A rise in interest rates could dent consumer spending if introduced within the next six months, warns the KPMG/Ipsos Retail Think Tank.
The Retail Think Tank, which includes senior figures from KPMG, Barclays, ING and CBRE, believes that public confidence in the economy needs to rise significantly before interest rates are increased, or concerned consumers could reduce their spending.
This warning follows the latest retail sales data published by the BRC and KPMG, which revealed that consumers have already begun to cut back on big-ticket items like furniture, in anticipation of an interest rate rise.

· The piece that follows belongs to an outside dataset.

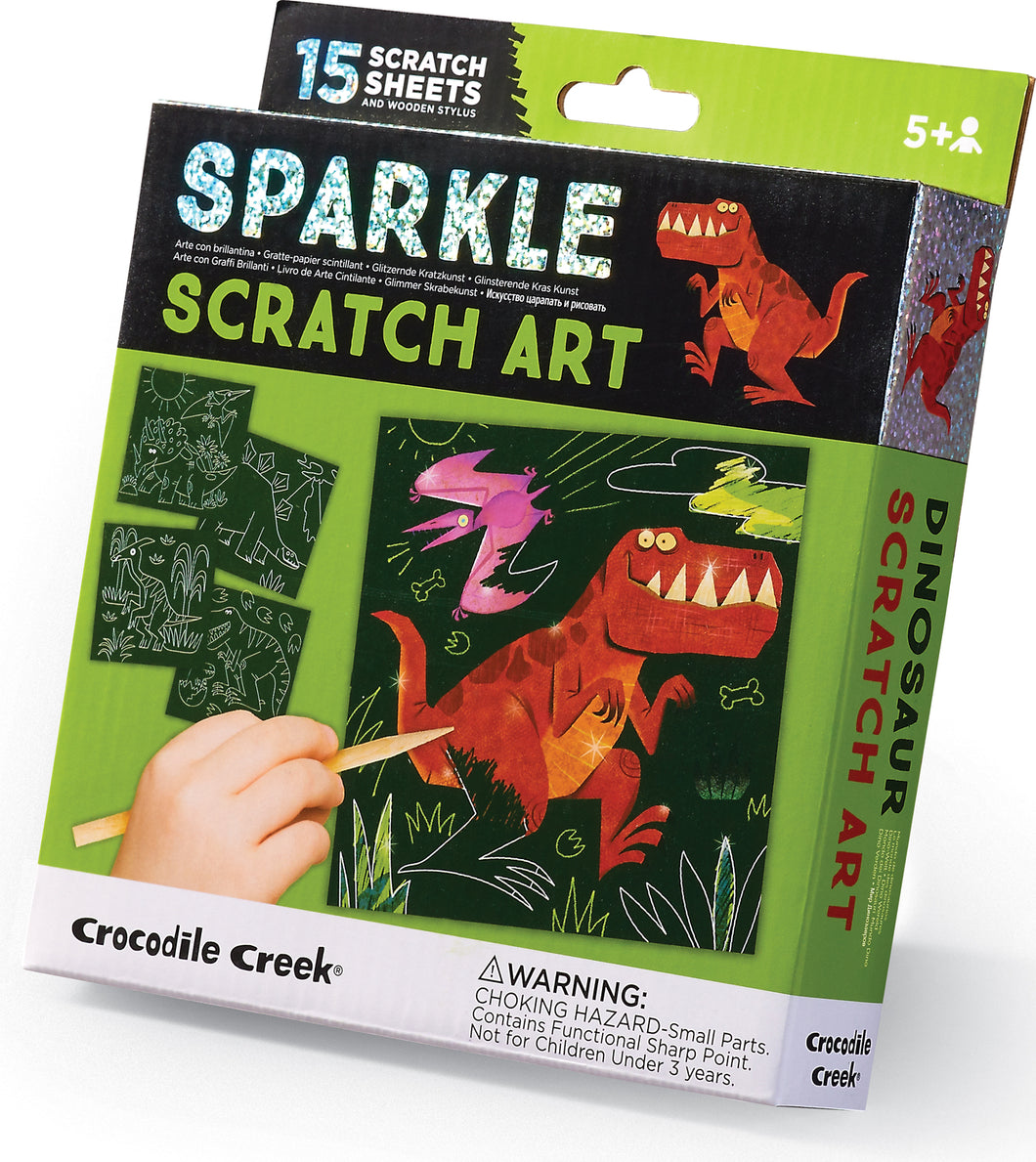 Dinosaur Sparkle Scratch Art by Crocodile Creek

Conlumino managing director Neil Saunders said: “The economy is getting stronger, but sentiment is lagging behind. People are worried about the timing and ferocity of a potential rise in interest rates. We are already seeing sales of some items decline as people formulate a contingency plan in case rates do go up this year.”

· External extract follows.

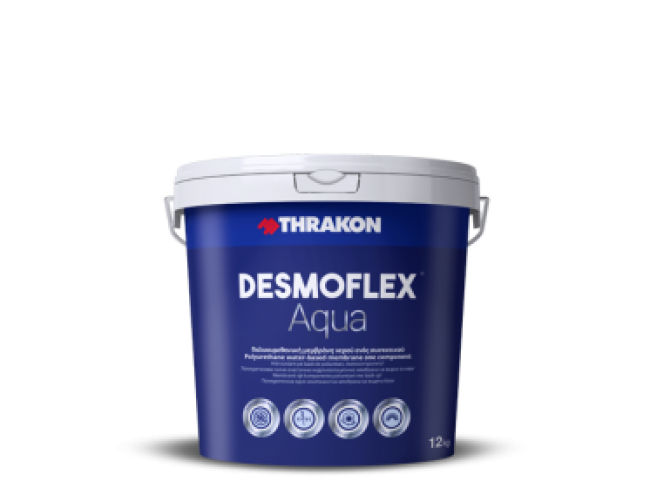 THRAKON - DESMOFLEX® AQUA - 12kg - ΛΕΥΚΟ - Επαλειφόμενη πολυουρεθανική αλειφατική μεμβράνη νερού. THRAKON - DESMOFLEX® AQUA - 12kg - ΛΕΥΚΟ - Επαλειφόμενη πολυουρεθανική αλειφατική μεμβράνη νερού.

Zeus Capital retail consultant Nick Bubb said: “For some consumers, who have relied on there not being an increase in rates before the election next year, the first rise will come as a shock. And a rise in November will not be obviously helpful to uninhibited consumer spending at Christmas.”

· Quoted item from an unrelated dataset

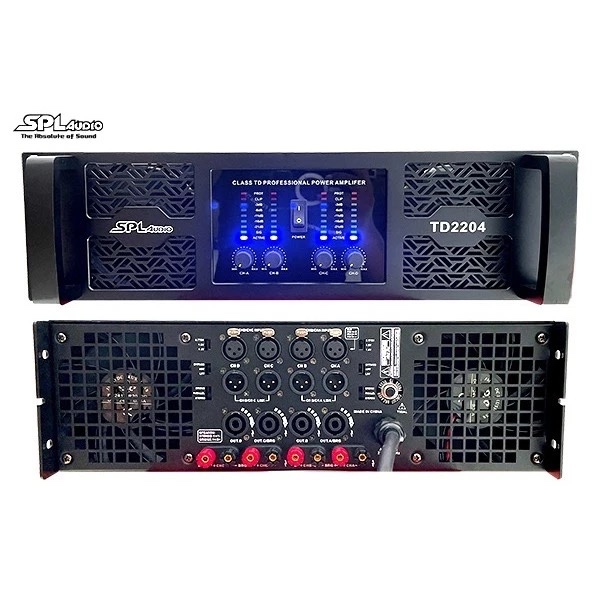 Power SPL AUDIO TD2204 ORIGINAL - Power Amplifier SPL AUDIO TD 2204 4ch 3300W 102dB SNR SPL AUDIO TD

“The foundations of confidence just aren’t there yet across many parts of the country”
David McCorquodale, KPMG
Unless wage growth picks up significantly and consumer confidence builds, the Retail Think Tank believes that a rise in interest rates this year could impact the retail recovery.
“The foundations of confidence just aren’t there yet across many parts of the country,” said KPMG head of retail David McCorquodale. “If the rate rise comes at a time when the average UK consumer is not ready for it, then it could be damaging to the retail sector. But if rates rise just as the economy begins to purr then it won’t hurt retailers as much, because other factors such as wage inflation will offset the rise both financially and emotionally.”
A 0.5% increase in the Bank Rate would increase the average consumer’s annual mortgage payment by £317. The fall in discretionary income that is likely to result from an interest rates rise could cement the shift to discount retail, especially in the grocery sector, according to The Retail Think Tank.
Barclays head of retail and wholesale Richard Lowe said: “Value retailers will benefit from a rise in rates, as people will inevitably look at their expenditure more carefully, especially those younger consumers who have mortgages and are feeling the pinch. Aldi and Lidl’s store roll-out programme will also extend their geographical reach and will mean that more people are able to shop with them.
“In general, retailers might want to look more closely at their value-for-money proposition and promotional activity to ensure single-digit growth this year and beyond.”